Another illustration of how vast the discretion of Courts is in light of Section 25 of the Matrimonial Causes Act is the fact that there is a disparity in the quantum of awards that are given depending on the geographical location within which an application is lodged. Aside from the inconsistency over the amount awarded, there is also a lot of controversy about the duration for which a spouse should be supported by the award given. These two issues are core to any Judicial system. At all times, litigants have a right to be able to predict the nature of awards that can be awarded at different levels of Courts in the country. In addition to this, it is also prudent for the system to assure the parties that they expect the projected award to be in force for relatively coherent amount of time. However, given the fact that there are no caps, directions or regulations that are straight forward; most of the causes under Section 25 of the Act take relatively long periods to be dispensed with and the duration varies with the geographical location of the Court in question. In addition to this, for cases involving big money estates, the amounts that have been awarded in different locations also put into question how Section 25 has to be interpreted by the Judges.

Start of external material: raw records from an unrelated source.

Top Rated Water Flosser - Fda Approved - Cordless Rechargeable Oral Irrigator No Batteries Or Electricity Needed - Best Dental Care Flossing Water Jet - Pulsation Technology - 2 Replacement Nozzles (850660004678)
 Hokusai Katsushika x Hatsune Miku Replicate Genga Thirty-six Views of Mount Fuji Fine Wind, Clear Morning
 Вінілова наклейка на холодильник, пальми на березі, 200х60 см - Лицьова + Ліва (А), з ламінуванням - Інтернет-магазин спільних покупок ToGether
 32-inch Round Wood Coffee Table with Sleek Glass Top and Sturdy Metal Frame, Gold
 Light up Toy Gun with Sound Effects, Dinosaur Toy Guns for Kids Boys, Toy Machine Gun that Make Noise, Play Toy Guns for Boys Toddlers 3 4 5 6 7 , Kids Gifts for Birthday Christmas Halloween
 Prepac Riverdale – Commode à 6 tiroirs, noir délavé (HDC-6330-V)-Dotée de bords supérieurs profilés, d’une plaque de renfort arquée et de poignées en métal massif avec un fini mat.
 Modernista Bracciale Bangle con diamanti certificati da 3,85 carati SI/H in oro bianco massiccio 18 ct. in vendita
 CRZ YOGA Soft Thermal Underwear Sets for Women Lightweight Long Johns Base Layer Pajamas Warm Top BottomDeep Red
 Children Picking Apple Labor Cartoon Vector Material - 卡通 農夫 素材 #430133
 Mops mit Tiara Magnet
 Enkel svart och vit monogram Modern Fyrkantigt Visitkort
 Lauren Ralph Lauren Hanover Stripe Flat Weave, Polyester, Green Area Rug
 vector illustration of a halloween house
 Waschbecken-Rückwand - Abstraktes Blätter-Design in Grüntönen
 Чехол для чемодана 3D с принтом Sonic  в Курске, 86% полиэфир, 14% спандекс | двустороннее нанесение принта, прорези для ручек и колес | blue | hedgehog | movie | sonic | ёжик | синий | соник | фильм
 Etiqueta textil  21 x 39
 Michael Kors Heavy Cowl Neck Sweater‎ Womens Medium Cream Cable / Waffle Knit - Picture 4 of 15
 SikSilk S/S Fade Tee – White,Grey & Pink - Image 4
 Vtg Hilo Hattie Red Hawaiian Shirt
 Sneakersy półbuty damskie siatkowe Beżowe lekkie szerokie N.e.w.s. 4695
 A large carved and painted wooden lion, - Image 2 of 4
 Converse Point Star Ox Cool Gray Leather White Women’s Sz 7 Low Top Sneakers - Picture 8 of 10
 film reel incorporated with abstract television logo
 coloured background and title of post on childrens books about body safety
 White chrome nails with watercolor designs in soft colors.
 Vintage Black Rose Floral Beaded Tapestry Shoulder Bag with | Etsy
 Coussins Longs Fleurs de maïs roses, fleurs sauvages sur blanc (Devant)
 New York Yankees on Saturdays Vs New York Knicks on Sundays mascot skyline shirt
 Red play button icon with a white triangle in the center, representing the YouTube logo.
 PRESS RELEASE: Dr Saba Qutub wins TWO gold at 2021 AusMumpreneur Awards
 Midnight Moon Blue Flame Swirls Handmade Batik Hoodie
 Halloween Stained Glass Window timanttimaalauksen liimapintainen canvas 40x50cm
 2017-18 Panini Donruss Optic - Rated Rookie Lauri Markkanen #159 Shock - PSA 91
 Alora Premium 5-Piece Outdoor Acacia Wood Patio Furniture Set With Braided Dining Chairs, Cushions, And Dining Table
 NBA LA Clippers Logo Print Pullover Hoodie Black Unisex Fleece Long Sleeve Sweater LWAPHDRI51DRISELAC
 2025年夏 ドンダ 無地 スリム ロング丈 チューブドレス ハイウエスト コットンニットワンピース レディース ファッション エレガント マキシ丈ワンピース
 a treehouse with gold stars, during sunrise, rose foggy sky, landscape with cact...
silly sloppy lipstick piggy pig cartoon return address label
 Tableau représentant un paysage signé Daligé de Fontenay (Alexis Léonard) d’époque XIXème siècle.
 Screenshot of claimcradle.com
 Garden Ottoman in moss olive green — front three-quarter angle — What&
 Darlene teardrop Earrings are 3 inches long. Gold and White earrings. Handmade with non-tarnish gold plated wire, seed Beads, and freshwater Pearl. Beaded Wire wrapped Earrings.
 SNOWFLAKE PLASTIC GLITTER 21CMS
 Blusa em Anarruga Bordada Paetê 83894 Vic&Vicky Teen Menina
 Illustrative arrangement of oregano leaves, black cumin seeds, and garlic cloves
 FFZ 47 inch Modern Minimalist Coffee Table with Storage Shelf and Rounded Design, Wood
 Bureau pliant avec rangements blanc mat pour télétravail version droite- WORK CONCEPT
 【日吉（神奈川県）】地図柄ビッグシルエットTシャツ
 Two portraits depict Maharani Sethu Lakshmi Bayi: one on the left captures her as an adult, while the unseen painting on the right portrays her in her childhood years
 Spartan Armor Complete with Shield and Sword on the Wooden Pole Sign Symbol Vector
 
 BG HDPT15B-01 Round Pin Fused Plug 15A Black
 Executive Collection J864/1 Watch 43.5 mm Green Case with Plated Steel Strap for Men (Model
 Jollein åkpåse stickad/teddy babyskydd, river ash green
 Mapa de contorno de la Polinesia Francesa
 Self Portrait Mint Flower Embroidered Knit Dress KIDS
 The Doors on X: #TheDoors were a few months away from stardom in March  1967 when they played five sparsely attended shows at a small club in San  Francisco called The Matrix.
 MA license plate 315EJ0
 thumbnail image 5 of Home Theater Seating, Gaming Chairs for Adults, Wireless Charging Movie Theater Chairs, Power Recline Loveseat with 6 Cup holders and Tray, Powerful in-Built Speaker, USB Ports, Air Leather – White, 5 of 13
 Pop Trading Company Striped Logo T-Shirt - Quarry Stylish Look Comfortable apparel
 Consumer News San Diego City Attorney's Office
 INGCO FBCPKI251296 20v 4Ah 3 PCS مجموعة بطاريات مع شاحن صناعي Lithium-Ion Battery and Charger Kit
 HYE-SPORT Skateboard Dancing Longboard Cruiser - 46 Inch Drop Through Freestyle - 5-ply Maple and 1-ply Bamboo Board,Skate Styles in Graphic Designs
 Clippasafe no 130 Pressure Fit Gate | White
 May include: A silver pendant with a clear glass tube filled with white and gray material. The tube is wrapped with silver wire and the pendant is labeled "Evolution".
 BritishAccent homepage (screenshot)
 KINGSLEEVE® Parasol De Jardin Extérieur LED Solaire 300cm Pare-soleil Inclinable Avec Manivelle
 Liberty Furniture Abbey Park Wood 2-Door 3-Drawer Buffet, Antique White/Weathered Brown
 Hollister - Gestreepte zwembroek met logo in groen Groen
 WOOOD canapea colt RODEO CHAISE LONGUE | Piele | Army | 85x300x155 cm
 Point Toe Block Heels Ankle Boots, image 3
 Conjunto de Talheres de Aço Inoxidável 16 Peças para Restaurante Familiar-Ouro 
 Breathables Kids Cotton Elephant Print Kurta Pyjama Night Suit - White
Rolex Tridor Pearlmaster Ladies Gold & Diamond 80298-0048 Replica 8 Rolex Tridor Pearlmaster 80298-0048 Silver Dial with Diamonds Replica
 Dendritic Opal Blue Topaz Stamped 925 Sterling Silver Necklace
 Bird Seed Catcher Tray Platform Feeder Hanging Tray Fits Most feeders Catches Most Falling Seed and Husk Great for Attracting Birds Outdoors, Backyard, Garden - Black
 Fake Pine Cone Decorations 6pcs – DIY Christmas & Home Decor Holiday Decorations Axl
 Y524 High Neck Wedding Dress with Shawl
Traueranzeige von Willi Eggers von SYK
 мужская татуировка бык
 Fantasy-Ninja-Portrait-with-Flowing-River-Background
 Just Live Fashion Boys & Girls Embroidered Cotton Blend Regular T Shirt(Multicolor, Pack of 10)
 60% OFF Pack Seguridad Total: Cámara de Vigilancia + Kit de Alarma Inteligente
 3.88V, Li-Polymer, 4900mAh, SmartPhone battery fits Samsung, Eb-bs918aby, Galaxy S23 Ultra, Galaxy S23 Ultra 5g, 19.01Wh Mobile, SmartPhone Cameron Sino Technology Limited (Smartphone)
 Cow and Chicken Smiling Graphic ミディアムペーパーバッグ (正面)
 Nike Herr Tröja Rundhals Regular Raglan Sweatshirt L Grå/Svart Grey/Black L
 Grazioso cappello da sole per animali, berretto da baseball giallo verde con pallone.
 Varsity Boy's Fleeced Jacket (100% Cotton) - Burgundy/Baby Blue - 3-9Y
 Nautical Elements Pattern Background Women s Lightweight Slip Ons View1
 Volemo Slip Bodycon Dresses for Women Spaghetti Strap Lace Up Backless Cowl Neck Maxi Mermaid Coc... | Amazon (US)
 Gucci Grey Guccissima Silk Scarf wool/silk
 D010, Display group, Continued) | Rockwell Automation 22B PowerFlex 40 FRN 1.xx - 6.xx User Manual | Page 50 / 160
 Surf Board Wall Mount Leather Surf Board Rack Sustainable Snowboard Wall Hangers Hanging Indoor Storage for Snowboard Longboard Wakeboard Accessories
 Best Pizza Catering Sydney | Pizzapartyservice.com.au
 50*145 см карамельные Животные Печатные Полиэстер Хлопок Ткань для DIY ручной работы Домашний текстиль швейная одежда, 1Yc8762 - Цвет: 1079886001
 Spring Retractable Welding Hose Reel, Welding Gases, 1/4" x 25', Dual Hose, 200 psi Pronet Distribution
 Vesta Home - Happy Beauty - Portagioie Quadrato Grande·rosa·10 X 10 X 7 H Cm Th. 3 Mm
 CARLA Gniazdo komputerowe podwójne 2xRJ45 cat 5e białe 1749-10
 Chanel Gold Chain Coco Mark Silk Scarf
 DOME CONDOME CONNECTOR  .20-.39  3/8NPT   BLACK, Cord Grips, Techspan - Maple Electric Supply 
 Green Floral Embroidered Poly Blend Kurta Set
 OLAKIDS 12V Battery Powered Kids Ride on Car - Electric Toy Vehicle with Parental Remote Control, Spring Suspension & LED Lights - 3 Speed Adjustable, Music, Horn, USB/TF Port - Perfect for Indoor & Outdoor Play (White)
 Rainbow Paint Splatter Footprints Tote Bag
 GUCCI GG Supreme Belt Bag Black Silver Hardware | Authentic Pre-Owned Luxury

Conclusion and Recommendation
Marriage is generally a civil relationship in which the parties to it make critical financial choices in which case while some partners may be encouraged to further pursue their financial dreams’, others’ dreams may be thwarted by their commitment to the marriage. Parties to a marriage make salient decisions at the start of the relationship and such could greatly influence the rest of their lives. While others entirely give up their careers to concentrate on raising the children and maintaining the marriage; others forego growth at the workplace or promotions because they would not opt to take a transfer at the expense of their marriage or the interests of children and spouse. Thus, it is incumbent upon Courts to consider a number of factors from both a legal and social perspective so as to come up with the most favorable verdict at the end of the day.
The first factor that should cloud the Judges’ mindset is the aspect of compensation. If the applicant can prove that they sacrificed their ability to prosper in a bid to strengthen the marriage, then it is only fair to compensate them by meeting their needs subsequent to a divorce. Secondly, when married persons officially divorce; it means that a cord is broken or a merger is terminated. However, the process of detaching the two is not a spontaneous exercise. It takes a while for the financially weaker party to stabilize. Thus, given that the two once shared a life together, it is plausible to cater for the needs of a party and to have them stabilize with the resources of the other who has thrived upon the anchor of the weaker one.
The factors listed in section 25 of the Matrimonial Causes Act should be used as the means and not the end. They are simply interpretative guidance frameworks to direct Judges on how decide on the appropriate award. The objective that has to be achieved by the Section is compensation and stabilizing the party who is most adversely affected financially by the divorce proceedings. Therefore, in my opinion Section 25 of the Matrimonial Causes Act 1973 is a good provision; only that there has to be added another Clause that sets out the objective that must be achieved by the numerous discretionary factors listed.